In the first inning, Perez lined a single to left, stole second, then came home on an RBI single by Danny Dorn. After grounding out in the second, Perez walked in the fifth before singling in the seventh and ninth to give him a .417 batting average in his first three Toledo games.
He also showed a strong glove. In the second inning, Eric Thames hit a slow roller that dribbled past Hens’ pitcher Kyle Lobstein, but Perez raced in, grabbed the ball bare-handed, and threw to first to retire Thames.
Perez also made a nifty play on a grounder by Jason Pridie in the eighth, catching the ball and shoveling it to first in one motion to get the out.
Unfortunately for the Hens, Lobstein, who allowed just one baserunner in the first three innings, struggled in the fifth. Norfolk, which scored a run in the fourth, took advantage of bout of wildness by Lobstein in the fifth to score five times.
Lobstein, who had thrown 35 of 48 pitches for strikes in the first four frames, gave up two walks in front on a run-scoring single by Zelous Wheeler. The lefty then walked a third hitter, and Yamaico Navarro — a batter Lobstein had struck out in his first two at-bats — pounded a grand slam.
“I thought [Lobstein] threw the ball great, but you have days where you get tired quickly,” Nevin said. “Things kind of jumped up on him in the fifth.

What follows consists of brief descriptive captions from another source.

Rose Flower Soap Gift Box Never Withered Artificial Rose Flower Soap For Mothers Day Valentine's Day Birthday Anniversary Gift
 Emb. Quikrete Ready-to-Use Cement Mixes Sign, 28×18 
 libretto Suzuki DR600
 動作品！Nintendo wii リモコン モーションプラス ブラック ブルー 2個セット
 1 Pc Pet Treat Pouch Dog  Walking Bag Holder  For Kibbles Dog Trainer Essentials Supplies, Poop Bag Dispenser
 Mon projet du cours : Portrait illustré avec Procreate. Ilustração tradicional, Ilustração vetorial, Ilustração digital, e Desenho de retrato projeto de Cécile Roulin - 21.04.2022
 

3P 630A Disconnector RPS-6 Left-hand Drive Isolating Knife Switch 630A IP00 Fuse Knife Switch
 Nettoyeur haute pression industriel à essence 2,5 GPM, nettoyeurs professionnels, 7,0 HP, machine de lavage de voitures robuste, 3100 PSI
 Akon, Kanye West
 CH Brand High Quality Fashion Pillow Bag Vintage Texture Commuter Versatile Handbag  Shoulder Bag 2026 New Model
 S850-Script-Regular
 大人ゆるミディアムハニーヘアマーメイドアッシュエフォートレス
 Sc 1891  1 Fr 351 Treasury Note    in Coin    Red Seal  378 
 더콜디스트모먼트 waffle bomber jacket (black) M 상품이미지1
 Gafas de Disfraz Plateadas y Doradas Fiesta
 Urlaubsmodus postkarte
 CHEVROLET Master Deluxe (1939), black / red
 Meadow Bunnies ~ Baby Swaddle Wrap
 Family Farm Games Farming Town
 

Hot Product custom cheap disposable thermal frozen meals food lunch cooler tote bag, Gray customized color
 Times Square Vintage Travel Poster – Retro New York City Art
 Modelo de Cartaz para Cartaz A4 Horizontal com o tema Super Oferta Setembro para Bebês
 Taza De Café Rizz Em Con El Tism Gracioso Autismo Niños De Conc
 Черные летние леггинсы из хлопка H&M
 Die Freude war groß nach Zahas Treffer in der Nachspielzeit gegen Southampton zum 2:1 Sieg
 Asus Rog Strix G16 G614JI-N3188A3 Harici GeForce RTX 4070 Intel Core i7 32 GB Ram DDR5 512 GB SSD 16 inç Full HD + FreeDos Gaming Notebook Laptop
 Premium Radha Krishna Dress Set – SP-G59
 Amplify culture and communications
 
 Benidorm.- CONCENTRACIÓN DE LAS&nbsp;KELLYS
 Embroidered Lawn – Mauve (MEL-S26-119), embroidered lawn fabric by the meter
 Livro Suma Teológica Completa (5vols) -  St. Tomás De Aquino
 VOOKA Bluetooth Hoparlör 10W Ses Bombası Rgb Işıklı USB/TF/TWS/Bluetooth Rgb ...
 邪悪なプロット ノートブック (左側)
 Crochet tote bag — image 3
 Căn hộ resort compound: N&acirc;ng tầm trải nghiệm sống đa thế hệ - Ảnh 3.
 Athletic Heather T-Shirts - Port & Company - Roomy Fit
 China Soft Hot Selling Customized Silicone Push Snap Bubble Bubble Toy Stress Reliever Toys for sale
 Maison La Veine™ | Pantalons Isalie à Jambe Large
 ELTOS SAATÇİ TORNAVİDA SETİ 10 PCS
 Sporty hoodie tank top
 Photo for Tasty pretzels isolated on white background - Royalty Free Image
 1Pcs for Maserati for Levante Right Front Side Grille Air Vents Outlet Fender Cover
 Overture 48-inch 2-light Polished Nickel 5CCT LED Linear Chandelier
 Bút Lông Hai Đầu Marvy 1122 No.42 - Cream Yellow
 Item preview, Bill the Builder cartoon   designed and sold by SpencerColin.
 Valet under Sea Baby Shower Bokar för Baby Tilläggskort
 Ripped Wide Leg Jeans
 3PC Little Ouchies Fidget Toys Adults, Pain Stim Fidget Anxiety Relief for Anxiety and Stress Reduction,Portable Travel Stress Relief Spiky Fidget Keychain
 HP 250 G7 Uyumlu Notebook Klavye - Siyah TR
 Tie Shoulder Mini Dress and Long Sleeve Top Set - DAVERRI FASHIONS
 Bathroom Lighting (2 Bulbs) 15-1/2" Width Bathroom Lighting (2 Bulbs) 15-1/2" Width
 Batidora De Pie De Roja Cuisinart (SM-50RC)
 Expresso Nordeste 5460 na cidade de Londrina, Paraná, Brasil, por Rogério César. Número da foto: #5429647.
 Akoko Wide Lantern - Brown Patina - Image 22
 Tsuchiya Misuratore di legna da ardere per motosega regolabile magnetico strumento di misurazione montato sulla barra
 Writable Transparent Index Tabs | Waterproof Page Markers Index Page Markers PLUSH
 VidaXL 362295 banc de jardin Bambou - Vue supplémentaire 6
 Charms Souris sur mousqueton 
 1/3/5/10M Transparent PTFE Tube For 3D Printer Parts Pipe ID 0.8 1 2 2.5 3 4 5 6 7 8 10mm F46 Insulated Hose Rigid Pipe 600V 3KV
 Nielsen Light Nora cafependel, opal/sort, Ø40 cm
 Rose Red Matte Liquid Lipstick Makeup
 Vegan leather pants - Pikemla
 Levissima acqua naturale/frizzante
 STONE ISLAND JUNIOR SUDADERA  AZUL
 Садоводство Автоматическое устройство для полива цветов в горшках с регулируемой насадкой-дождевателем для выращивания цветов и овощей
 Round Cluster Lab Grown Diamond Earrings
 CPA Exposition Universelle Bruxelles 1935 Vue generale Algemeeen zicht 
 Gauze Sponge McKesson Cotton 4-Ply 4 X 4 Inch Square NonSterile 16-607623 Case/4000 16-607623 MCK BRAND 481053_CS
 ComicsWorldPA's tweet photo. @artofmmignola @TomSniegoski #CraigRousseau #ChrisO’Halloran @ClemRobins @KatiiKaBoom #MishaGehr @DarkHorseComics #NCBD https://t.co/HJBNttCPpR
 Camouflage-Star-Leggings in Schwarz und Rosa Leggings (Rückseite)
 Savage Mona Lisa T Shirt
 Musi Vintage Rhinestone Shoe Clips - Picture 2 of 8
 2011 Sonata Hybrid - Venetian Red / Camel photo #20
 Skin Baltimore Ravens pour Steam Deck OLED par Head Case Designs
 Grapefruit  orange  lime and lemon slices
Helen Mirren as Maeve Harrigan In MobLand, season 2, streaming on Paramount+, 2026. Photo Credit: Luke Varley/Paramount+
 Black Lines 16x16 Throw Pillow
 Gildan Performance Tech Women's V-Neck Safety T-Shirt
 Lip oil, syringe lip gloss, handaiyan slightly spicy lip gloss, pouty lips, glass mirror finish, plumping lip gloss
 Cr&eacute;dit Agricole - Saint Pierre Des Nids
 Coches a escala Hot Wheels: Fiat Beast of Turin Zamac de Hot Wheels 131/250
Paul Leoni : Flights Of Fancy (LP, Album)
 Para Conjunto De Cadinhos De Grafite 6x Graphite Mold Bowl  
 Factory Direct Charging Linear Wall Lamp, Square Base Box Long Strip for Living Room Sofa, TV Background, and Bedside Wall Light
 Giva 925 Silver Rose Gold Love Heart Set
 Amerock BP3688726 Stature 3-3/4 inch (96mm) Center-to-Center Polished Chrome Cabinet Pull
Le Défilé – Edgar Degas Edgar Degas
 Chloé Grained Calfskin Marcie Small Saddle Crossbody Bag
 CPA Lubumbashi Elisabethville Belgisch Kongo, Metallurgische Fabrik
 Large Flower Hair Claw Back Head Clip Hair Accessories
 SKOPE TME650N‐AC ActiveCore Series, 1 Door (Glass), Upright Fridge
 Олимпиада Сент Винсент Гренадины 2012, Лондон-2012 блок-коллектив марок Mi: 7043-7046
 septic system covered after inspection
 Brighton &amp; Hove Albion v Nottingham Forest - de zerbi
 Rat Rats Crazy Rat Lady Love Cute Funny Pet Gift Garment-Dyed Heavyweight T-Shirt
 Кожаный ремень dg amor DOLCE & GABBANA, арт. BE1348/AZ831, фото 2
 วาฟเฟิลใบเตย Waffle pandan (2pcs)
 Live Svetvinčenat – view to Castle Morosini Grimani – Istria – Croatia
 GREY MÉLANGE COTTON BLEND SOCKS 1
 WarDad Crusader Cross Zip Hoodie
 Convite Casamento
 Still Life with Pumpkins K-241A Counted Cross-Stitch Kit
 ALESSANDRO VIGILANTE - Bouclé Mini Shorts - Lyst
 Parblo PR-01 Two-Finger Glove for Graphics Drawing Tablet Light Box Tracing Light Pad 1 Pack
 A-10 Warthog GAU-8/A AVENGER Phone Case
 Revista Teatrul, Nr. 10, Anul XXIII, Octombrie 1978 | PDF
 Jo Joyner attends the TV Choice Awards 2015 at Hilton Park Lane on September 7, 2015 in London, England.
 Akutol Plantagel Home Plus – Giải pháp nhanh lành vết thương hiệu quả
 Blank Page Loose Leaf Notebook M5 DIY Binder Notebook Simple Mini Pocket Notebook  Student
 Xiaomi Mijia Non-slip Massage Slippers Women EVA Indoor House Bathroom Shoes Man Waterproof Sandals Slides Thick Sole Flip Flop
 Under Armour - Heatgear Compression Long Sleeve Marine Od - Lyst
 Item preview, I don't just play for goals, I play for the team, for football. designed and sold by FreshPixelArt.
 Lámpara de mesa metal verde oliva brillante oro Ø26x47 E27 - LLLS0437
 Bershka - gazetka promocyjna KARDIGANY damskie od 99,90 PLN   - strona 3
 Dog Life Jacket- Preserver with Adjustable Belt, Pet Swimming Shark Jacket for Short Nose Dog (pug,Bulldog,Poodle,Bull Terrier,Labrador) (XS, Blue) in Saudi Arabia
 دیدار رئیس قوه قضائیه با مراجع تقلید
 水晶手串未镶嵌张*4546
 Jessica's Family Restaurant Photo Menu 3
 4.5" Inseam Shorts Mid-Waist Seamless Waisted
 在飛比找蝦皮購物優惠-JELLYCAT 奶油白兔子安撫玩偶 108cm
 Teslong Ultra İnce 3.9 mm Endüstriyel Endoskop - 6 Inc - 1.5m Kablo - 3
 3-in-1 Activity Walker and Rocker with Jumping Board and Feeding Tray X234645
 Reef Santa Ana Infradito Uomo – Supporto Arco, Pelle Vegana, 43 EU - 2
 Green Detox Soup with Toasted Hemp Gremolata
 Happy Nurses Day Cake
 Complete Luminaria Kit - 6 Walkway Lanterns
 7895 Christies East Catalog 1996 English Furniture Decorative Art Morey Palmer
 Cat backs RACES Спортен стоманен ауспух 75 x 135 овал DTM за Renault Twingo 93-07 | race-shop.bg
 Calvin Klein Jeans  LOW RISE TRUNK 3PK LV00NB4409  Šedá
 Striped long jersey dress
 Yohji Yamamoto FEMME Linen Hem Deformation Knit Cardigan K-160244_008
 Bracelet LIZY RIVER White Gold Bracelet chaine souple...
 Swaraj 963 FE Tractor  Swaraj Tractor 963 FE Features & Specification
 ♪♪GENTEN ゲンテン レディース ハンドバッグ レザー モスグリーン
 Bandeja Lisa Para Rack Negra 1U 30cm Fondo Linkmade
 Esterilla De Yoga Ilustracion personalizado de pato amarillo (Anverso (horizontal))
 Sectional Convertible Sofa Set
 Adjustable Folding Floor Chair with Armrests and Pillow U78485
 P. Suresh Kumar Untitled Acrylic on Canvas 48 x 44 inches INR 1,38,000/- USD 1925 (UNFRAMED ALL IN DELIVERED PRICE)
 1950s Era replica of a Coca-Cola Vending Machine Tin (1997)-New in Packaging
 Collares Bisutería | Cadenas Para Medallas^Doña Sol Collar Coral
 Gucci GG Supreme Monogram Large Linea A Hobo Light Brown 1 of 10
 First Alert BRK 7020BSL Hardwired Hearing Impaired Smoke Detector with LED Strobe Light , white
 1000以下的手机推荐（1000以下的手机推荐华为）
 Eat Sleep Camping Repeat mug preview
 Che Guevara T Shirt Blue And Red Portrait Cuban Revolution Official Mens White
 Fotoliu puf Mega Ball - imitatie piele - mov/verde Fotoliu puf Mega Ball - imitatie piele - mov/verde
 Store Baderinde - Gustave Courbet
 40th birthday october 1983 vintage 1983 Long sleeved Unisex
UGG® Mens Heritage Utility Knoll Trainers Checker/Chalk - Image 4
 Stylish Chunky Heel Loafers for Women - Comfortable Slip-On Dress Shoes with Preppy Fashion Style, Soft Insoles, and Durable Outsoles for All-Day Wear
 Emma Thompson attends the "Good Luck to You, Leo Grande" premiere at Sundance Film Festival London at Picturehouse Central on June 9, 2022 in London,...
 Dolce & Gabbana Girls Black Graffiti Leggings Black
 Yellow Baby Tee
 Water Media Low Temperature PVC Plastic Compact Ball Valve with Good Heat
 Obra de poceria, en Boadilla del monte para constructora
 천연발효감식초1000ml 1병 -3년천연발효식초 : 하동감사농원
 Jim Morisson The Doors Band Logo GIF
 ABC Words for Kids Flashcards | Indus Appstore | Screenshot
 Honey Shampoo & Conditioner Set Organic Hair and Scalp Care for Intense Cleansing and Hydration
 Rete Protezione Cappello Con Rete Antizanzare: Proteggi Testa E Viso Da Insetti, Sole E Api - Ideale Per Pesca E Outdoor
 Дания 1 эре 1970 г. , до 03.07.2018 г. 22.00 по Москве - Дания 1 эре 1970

“I wanted him to try and get out of that inning by getting the last hitter – a guy he had handled twice already.”
NOTES: Nick Castellanos returned to the Mud Hens lineup Wednesday after missing the previous three games when he was hit on the arm by a pitch. He finished with two hits in five at-bats. … Former Tigers pitcher Denny McLain was among those who threw out a first pitch before the contest. McLain is the last major-league pitcher to win 30 games in a season, posting a 31-6 record in 1968.